DIRECTIONS FOR THIS TASK |
Please return each entry that follows exactly as given, but without pictures.

==== SUPPLIED RECORDS ====

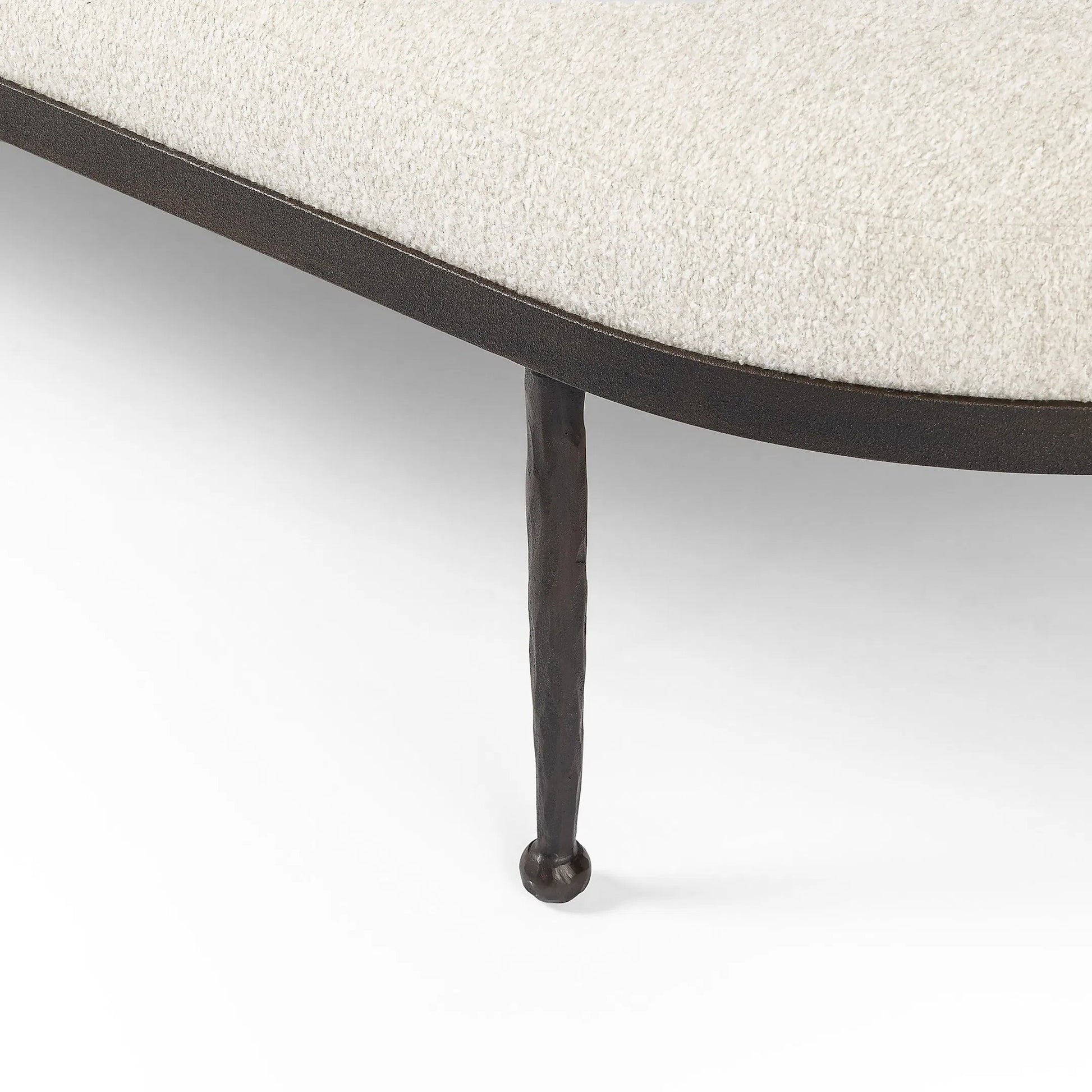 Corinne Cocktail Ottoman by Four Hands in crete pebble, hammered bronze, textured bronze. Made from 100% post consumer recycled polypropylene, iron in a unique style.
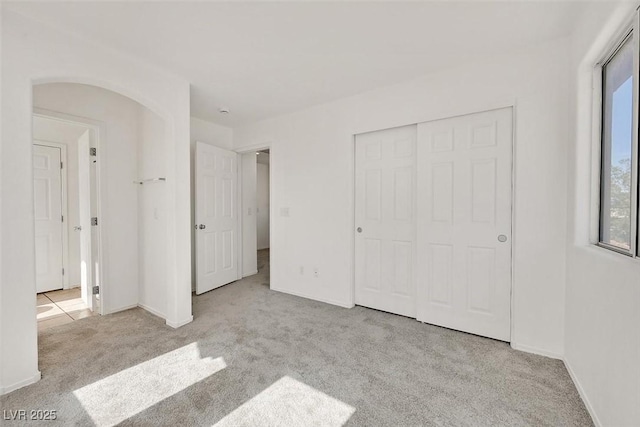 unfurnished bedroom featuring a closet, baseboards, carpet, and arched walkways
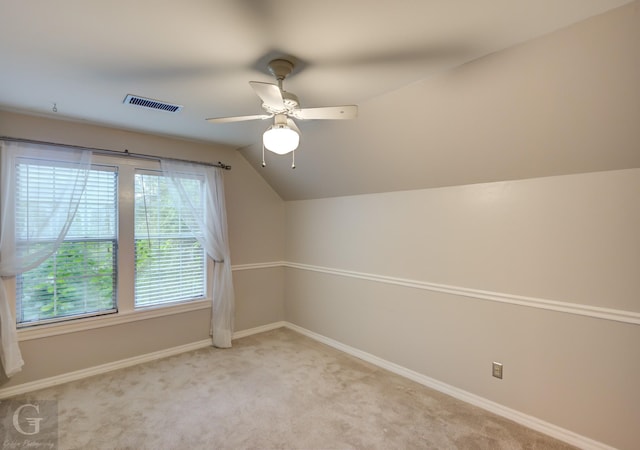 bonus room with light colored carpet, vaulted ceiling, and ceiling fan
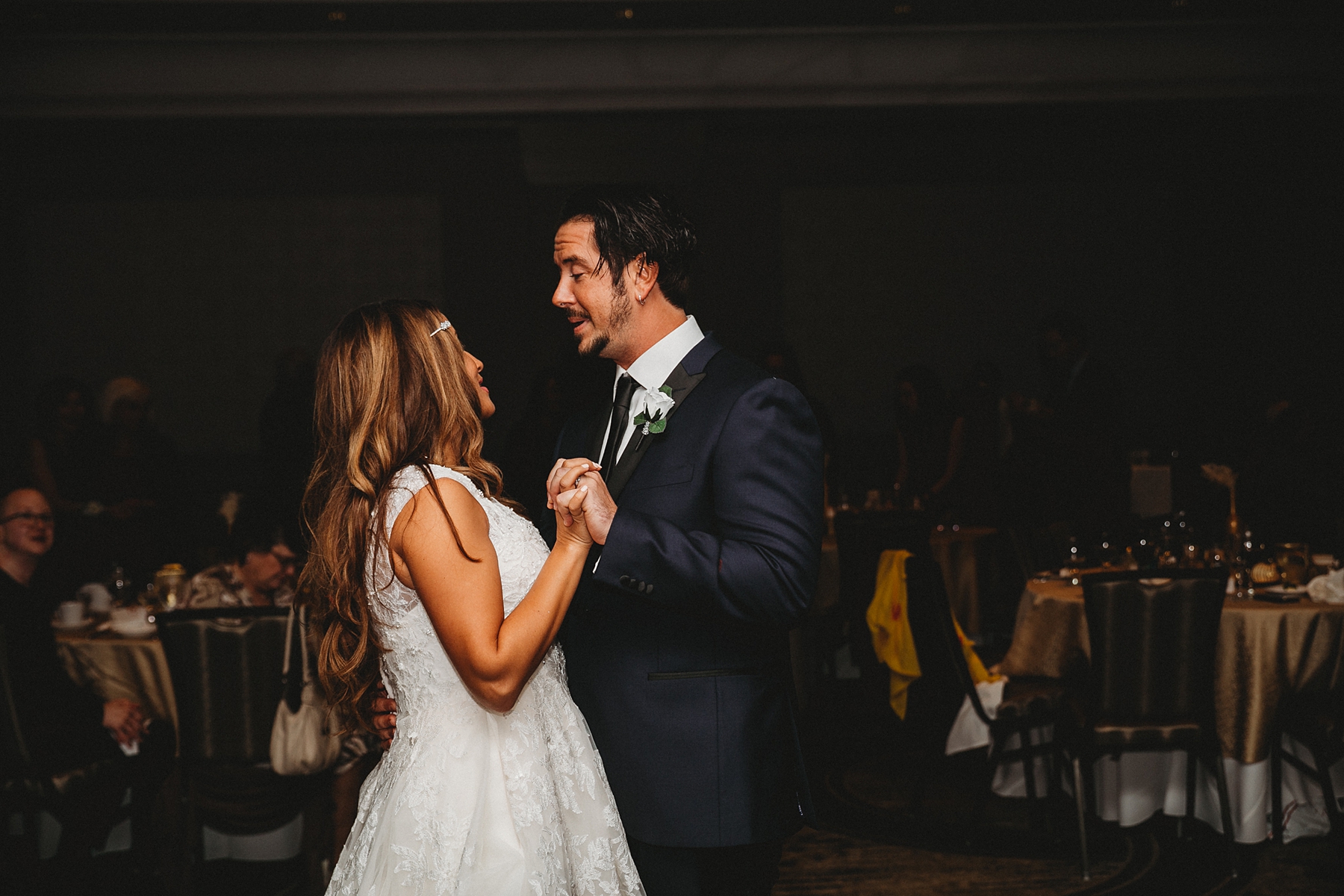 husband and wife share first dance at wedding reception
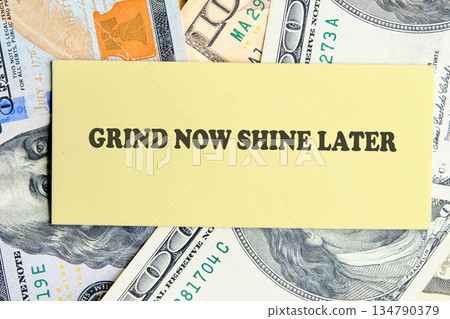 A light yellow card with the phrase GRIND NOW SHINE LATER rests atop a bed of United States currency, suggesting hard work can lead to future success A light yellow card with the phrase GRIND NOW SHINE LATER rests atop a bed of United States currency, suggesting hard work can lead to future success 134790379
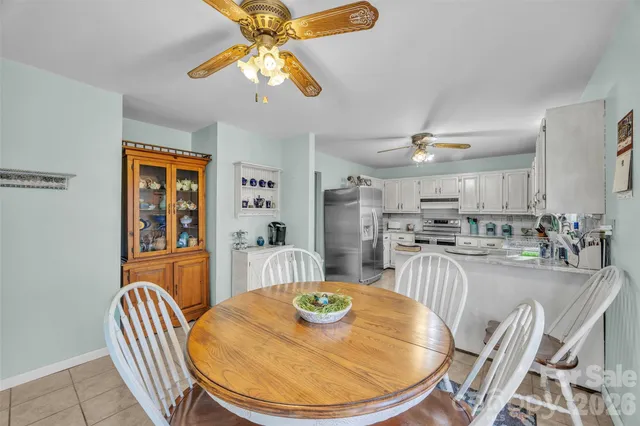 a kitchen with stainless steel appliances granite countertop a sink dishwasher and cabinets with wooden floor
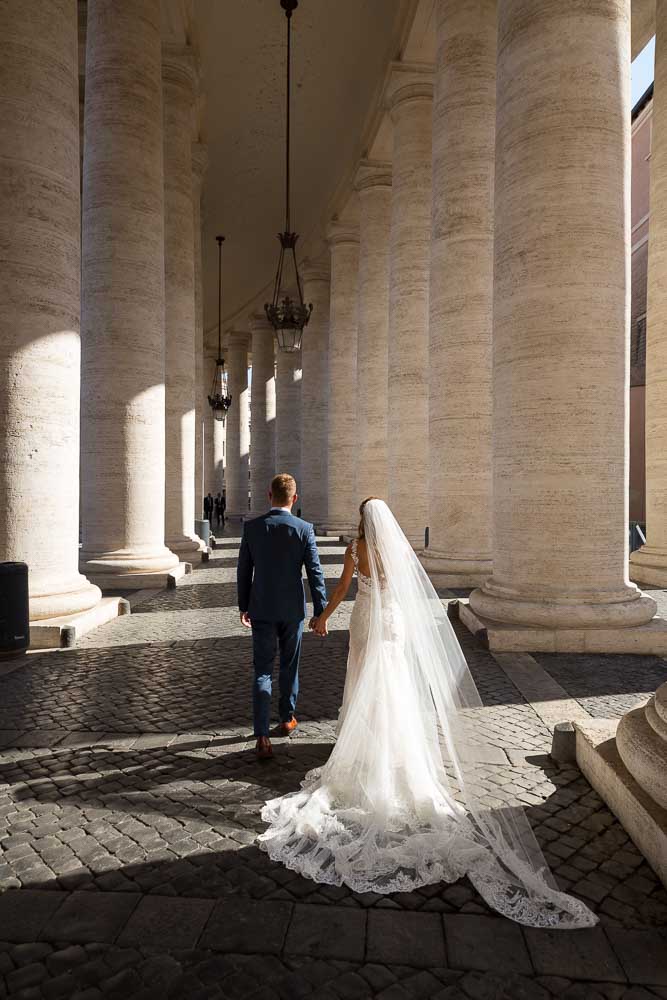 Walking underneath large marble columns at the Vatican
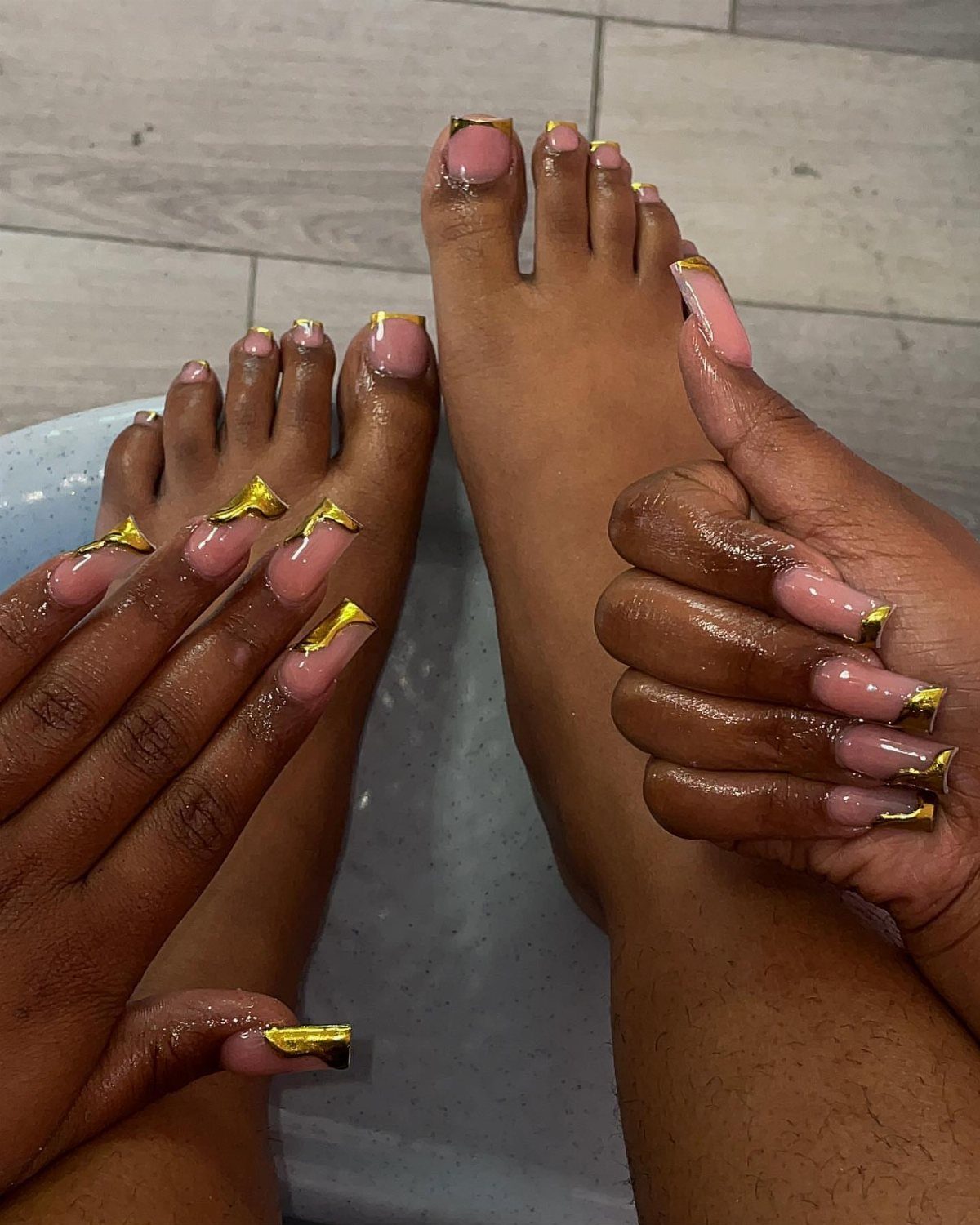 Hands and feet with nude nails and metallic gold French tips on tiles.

====

EXERCISE ANSWER |
 Corinne Cocktail Ottoman by Four Hands in crete pebble, hammered bronze, textured bronze. Made from 100% post consumer recycled polypropylene, iron in a unique style.
 unfurnished bedroom featuring a closet, baseboards, carpet, and arched walkways
 bonus room with light colored carpet, vaulted ceiling, and ceiling fan
 husband and wife share first dance at wedding reception
 A light yellow card with the phrase GRIND NOW SHINE LATER rests atop a bed of United States currency, suggesting hard work can lead to future success A light yellow card with the phrase GRIND NOW SHINE LATER rests atop a bed of United States currency, suggesting hard work can lead to future success 134790379
 a kitchen with stainless steel appliances granite countertop a sink dishwasher and cabinets with wooden floor
 Walking underneath large marble columns at the Vatican
 Hands and feet with nude nails and metallic gold French tips on tiles.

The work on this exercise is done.